連載

耐震安全性を考える


≪第5回≫さまざまな疑問から【その5】

前回の予告どおり部材の内部を解説していきます。いきなりですが、「仕事」って。
何なのか?工学の分野では、「力とその作用点の位置の変位のスカラー積」なのです。
変位と力の方向が一致するとき、仕事(W)=P・δで示されます。
また、モーメント(M)と回転角(θ)の積(=M・θ)でもよいのです。
力によって仕事がなされると、構造物には「ひずみ応力」が発生します。
正確には、「ひずみ」と「応力」ですが、これの積を寄せ集め(積分)ていくと「ひずみエネルギー」が求まります。

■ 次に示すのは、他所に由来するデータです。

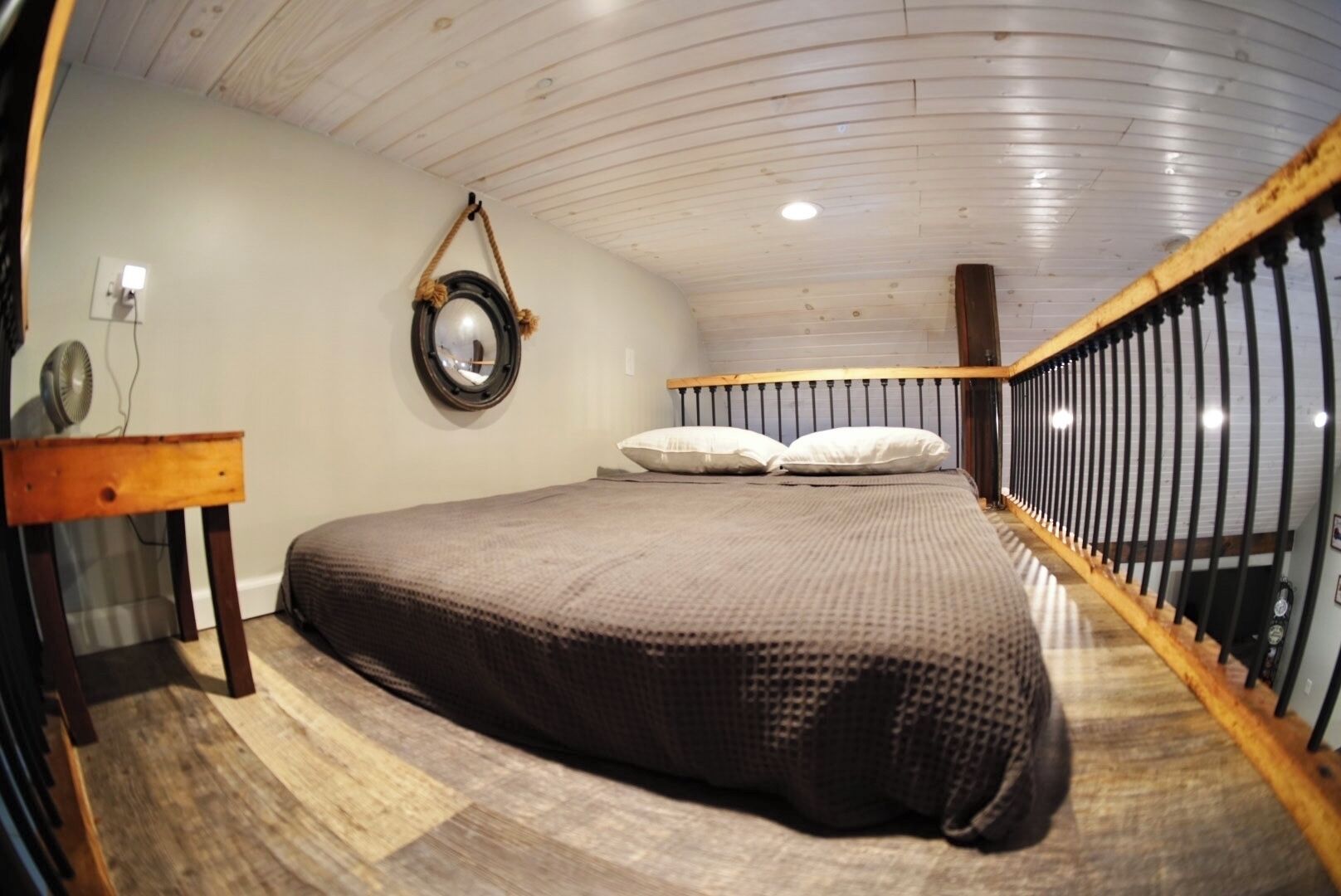 2 chambres, bureau, fer et planche à repasser, lit parapluie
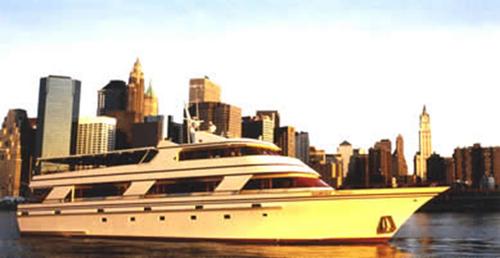 Discover Freeport surroundings on this Custom Custom boat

仕事には、「外力仕事=外乱」と「内力仕事=負荷の制御」があります。
一般には「外力仕事」は、WEX= P・δで表わされ、「内力仕事」は、WIN= M・θです。
構造物が静止(釣合い状態にある)しているとは、WEX= WINなのです。
この理論が「仮想仕事法」なのです。だんだんと、理解出来てきたはずです。
「塑性域」を考えると、外力の力はPuとなり、内力のモーメントはMpとなります。
ですから、外力の力Puは「崩壊荷重」とも呼ばれています。
この荷重を求めるのは上記の釣合い状態式を式展開すれば、Pu= Σ(Mp・θ)/δ求まります。

ここで、注意するのはδ≒部材長さLとなる理解です。
一般にはθは十分に小さいので回転角θが微小なら、
δ= L×θの関係式で近似的に求めることとなります。
よって、「崩壊荷重」Pu=Σ(Mp・θ)/Lで与えられます。